• The City Owns “Tavern on the Green”

    by  • March 13, 2010 • trademark

    You just can’t trust your readership.  When the City of New York first claimed that it owned the name of the landmark New York City restaurant “Tavern on the Green,” I posted a poll asking readers’ opinion.  The result from the many, many voters (15) was resoundingly in favor of the restaurant.

    We were wrong, according to the District Court for the Southern District of New York.  The court decided the ownership dispute in favor of the City, so the only true “Tavern on the Green” will stay in Central Park.

    The court tells us that in 1934 the City hired an architect to turn an 1870’s sheepfold into a restaurant, hired a concessionaire, and opened the restaurant in October of that year.  Over the years a series of concessionaires ran the facility and the City paid for a substantial part of the renovations during that time.  The defendant Tavern on the Green, L.P. (referred to in the decision as Debtor, since the decision is related to a bankruptcy proceeding) had been operating the restaurant since 1973.  The relationship was governed by two agreements, from 1973 (amended in 1976) and 1985.  Both were styled as “licenses,” although neither addressed trademark ownership directly other than to allow the restaurant owner to change the name with the City’s permission. (The new operator was also owner of the famous Maxwell’s Plum, a name that at the time might have overshadowed Tavern on the Green in fame.)

    The City’s greatest hurdle was that the restaurateur owned an incontestable registration for “Tavern on the Green,” giving it exclusive rights to the trademark.  This meant that, under Lanham Act § 15, 15 U.S.C. § 1065 (2006), the City had to demonstrate that it was a prior user of the mark.  Turns out it was fairly easily done:
     

    The evidence shows that the City established the restaurant well over thirty-five years prior to the Debtors’ use and registration.

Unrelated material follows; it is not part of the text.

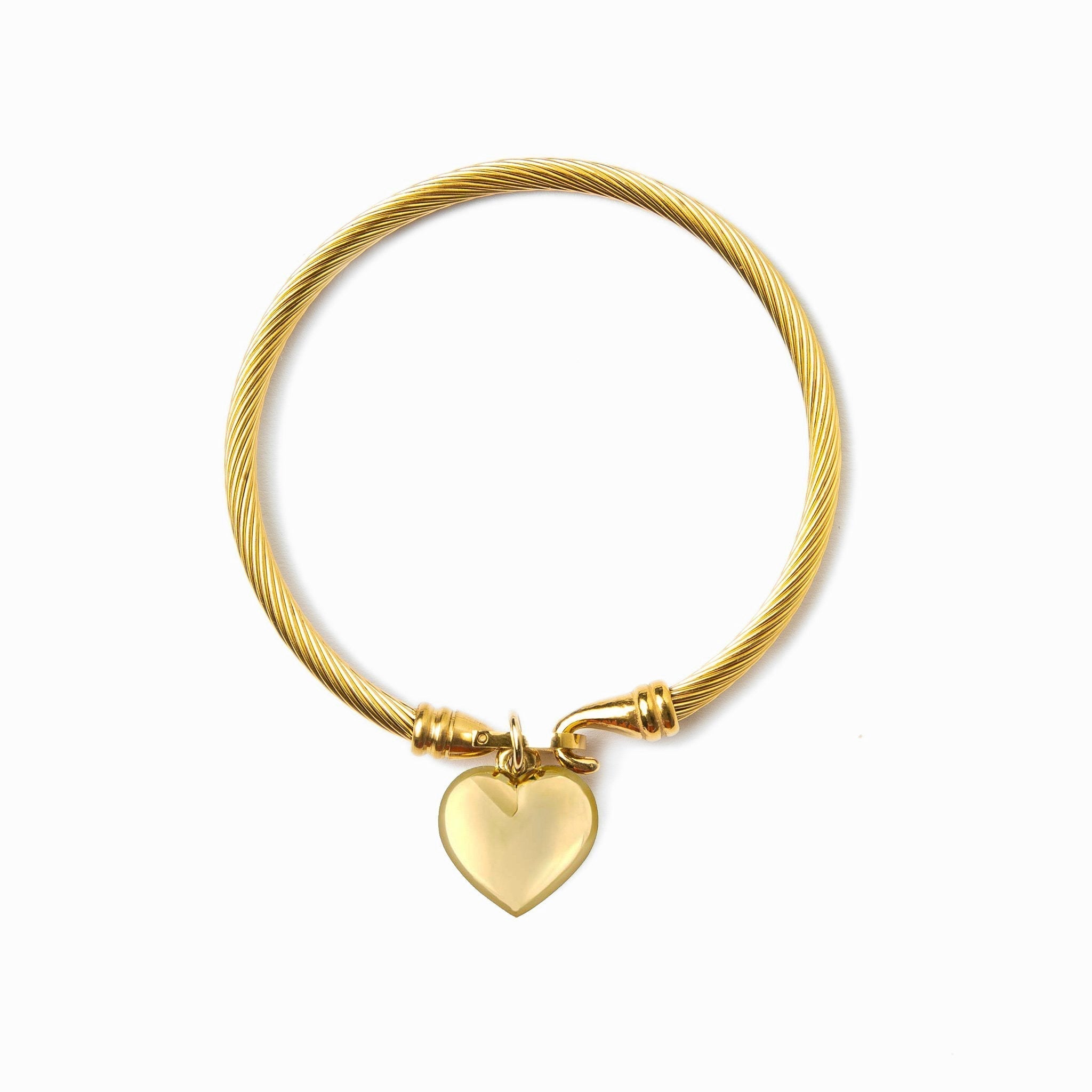 Pulsera de oro en forma de corazón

The City chose the name and each concessionaire and made significant investments to ensure the success of the restaurant –- such that “Tavern on the Green” was closely associated in the public mind with a building owned by the City and located in New York’s Central Park.

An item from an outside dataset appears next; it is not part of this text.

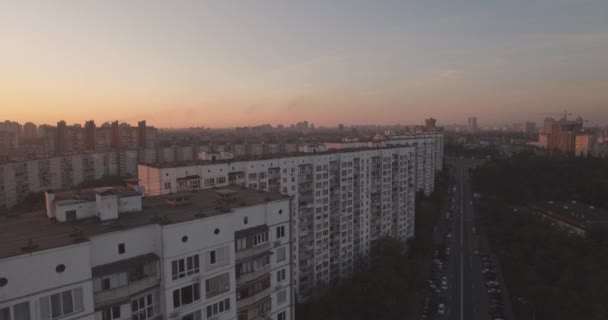 Antenne de la ville de Kiev 27. Septembre 2017. darnitskiy rayan sur la rive gauche. paysage urbain à l'aube. Bâtiments résidentiels d'architecture ancienne mêlés à une nouvelle architecture. métropole . — Video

    But the use not only has to start first, it has to be continuous.  The parties disputed whether a two year period of closure for renovations (when the defendant took over) meant there wasn’t continuous use.  The court, rightly, held that this was not a sufficient break.  What no one touched, though, was how the City could have had continuous use during the defendant’s occupation of the premises.  To find that the City had continuous use presupposes that the defendant was a mere licensee whose use inured to the benefit of the City, the very fact disputed.  It’s the right outcome, but a foundation for it (tolling, perhaps) would be nice.

    What about consumer perception, though?  My informal poll, although not at all representative, demonstrates that consumer perception might be different.  The court merely assumes consumer perception: “‘Tavern on the Green’ has become a famous name associated in the public mind with a restaurant in a City building located in New York’s Central Park.”  But is it?  Where’s the evidence of the public perception?  There was none; instead, the court reached its conclusion based solely on the history and the agreements between the parties.

    Mind you, I don’t disagree with the outcome.  It should be exceedingly difficult to appropriate another’s trademark for one’s own. It was the City’s trademark before this particular operator started running the restaurant, and vaguely worded licensing and the unilateral act of registration shouldn’t be enough to defeat the City’s ownership.  It is an interesting question, though – this owner had run the restaurant for over 30 years, so few would remember any earlier iteration of the services offered there.  What are appropriate circumstances when consumer perception should be more material?

    The court also cancelled the registration for fraud, likewise an easy call:

    That the 1973 Agreement is not explicitly labeled a trademark license agreement does not alter the fact that LeRoy acknowledged the City’s right to the trade name “Tavern on the Green” in the Agreement and knew that his venture was merely one in a succession of operators of the restaurant. Accordingly, the undisputed facts establish that LeRoy deliberately attempted to mislead the PTO about his status as the licensee of “Tavern on the Green,” and the Debtors’ restaurant services mark must be canceled.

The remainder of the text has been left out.